3. Did the District Court err in failing to grant appellant/defendant Supper Club’s motion for attorney’s fees requested pursuant to Rule 11 of the Montana Rules of Civil Procedure?

4. Did the District Court abuse its discretion by finding that the appellant/defendant Supper Club had been damaged in the total amount of $1,825.00 rather than the $6,785.00 it claimed?

5. Did the District Court err in failing to permit Supper Club to recover its damages as ascertained by the District Court?

In January, 1984, Branstetters were excavating on their newly-purchased lot in preparation for building a triplex. The excavating contractor severed a sewer septic tank drain line which ran under the property and into a drain field. Branstetters discovered the sewer drain line belonged to Supper Club, which was located nearby. Branstetters contacted the owner of the Supper Club who promised to see that the septic tank was pumped to eliminate further problems. Branstetters consulted with the city building inspector and the county sanitation engineer and were told that to avoid possible health hazards, they should plug the drain line, and remove the contaminated soil and replace it with gravel or other material. Branstetters did so. Meanwhile, Supper Club was forced to have their septic tank pumped until they were able to connect to the city sewer system.

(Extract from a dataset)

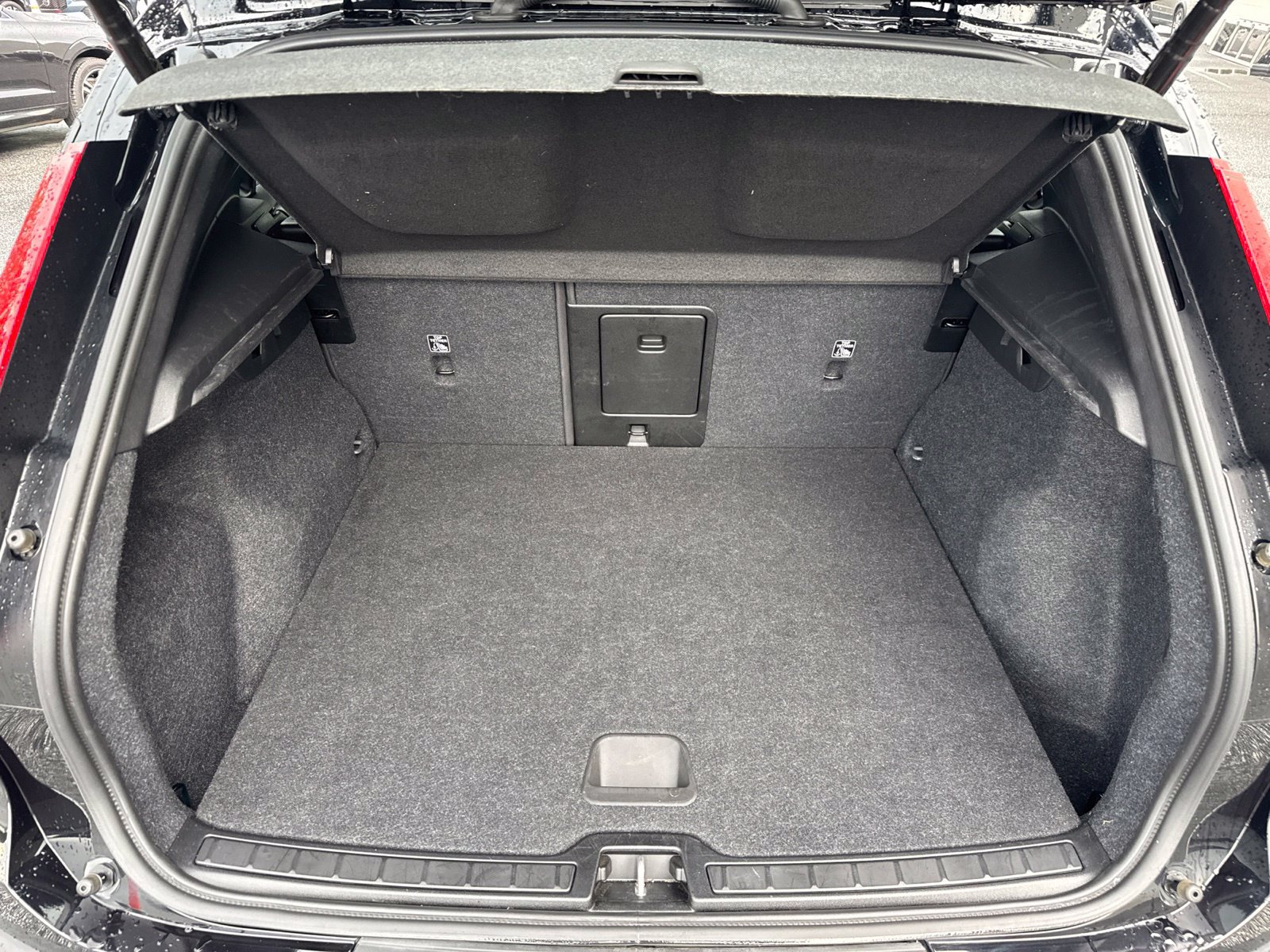 Used 2025 Volvo XC40 B5 Core AWD/4WD image 12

Originally, all the land near Branstetters and Supper Club had belonged to Frank Valgenti, Donald Bianchi, Richard Embry and William Boyer who sold one parcel to Supper Club and another parcel to Developer who sold a lot to the Branstetters. However, the warranty deed given to Branstetters by Developer showed no easement for the sewer line and drain system that ran under Branstetters’ land.

In May, 1984, Branstetters brought suit for the damages they incurred. They sued Developer for breach of warranty of quiet enjoy *23 ment pursuant to the deed. They also claimed against Supper Club for trespass caused by construction of a septic system without their consent.

Developer answered and cross-claimed against Supper Club for indemnity and/or contribution. Supper Club moved to dismiss the cross-claim but that motion was denied. Supper Club answered and also cross-claimed against Developer for indemnity. In addition, Supper Club counterclaimed against Branstetters in trespass for plugging the sewer line. After hearing on issues, at which Developer admitted negligence to the Branstetters for failing to discover the existence of the drain field, the District Court entered its findings of fact and conclusions of law.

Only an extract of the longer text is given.